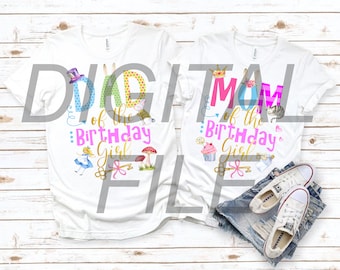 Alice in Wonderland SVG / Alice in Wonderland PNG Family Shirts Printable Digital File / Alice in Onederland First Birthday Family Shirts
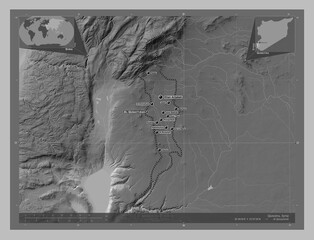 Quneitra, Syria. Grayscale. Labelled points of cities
---
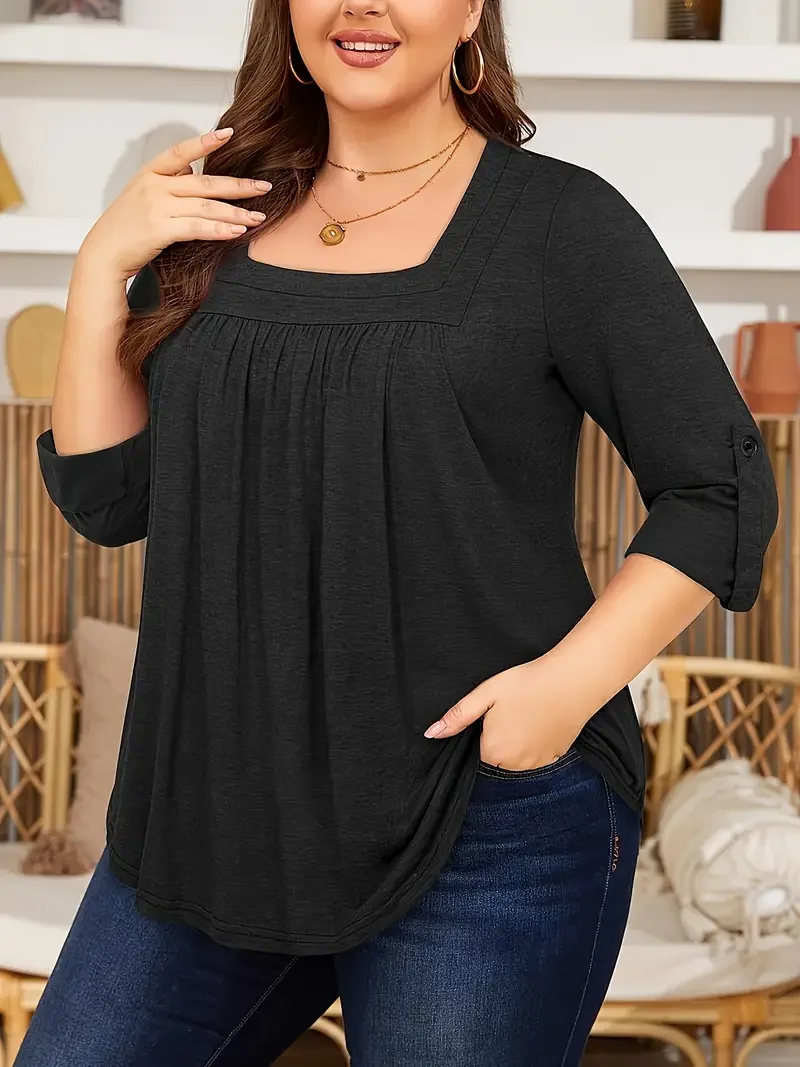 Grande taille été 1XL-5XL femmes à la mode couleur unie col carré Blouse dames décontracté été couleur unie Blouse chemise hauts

▸ Your goal
Copy the lines above exactly, starting with the line that contains "Alice in Wonderland SVG" and ending with the line that contains "Quneitra, Syria. Grayscale.", and leave out any pictures.

▸ Expected answer
 Alice in Wonderland SVG / Alice in Wonderland PNG Family Shirts Printable Digital File / Alice in Onederland First Birthday Family Shirts
 Quneitra, Syria. Grayscale. Labelled points of cities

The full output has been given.